WHAT IS BEING ASKED: Once the line containing "文玩核桃把件平谷九龙41（头货精品" is found in the entries below, reproduce it and every line after it, stopping at and including the line containing "aerial shot of"; reproduce nothing else, and keep each line exact.
++++ SUPPLIED ENTRIES ++++
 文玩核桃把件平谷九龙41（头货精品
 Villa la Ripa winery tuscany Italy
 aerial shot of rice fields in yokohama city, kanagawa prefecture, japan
++++
++++ SUPPLIED ENTRIES ++++
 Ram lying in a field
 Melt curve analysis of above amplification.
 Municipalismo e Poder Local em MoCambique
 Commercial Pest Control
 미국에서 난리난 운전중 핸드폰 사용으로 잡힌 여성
++++
++++ SUPPLIED ENTRIES ++++
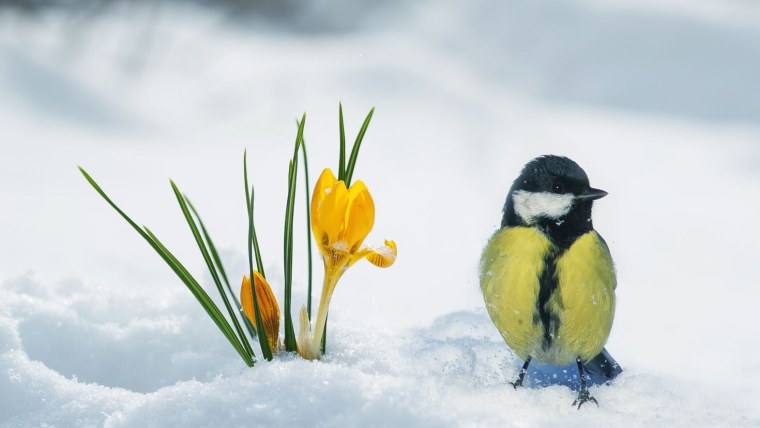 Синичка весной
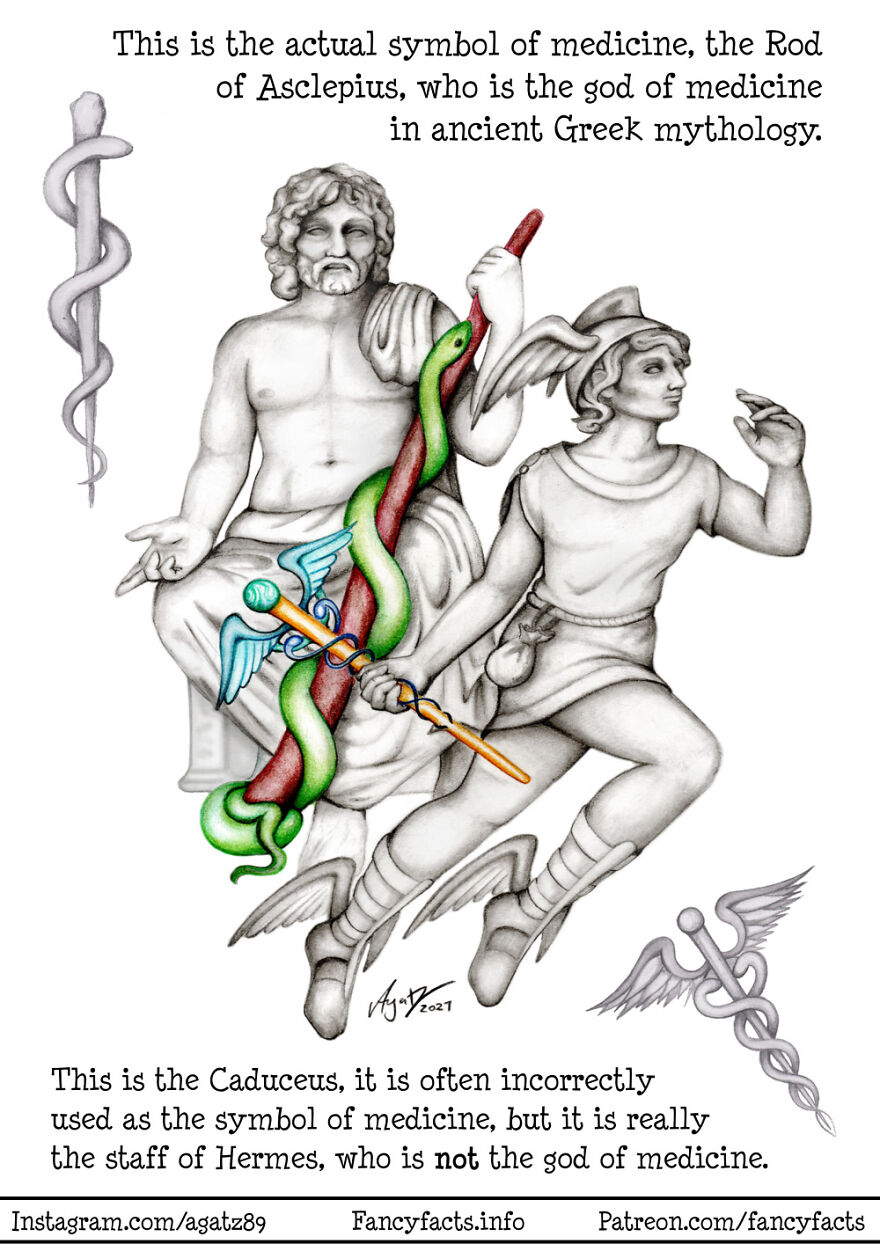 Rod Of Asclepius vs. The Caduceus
++++
PROBLEM SOLUTION:
 文玩核桃把件平谷九龙41（头货精品
 Villa la Ripa winery tuscany Italy
 aerial shot of rice fields in yokohama city, kanagawa prefecture, japan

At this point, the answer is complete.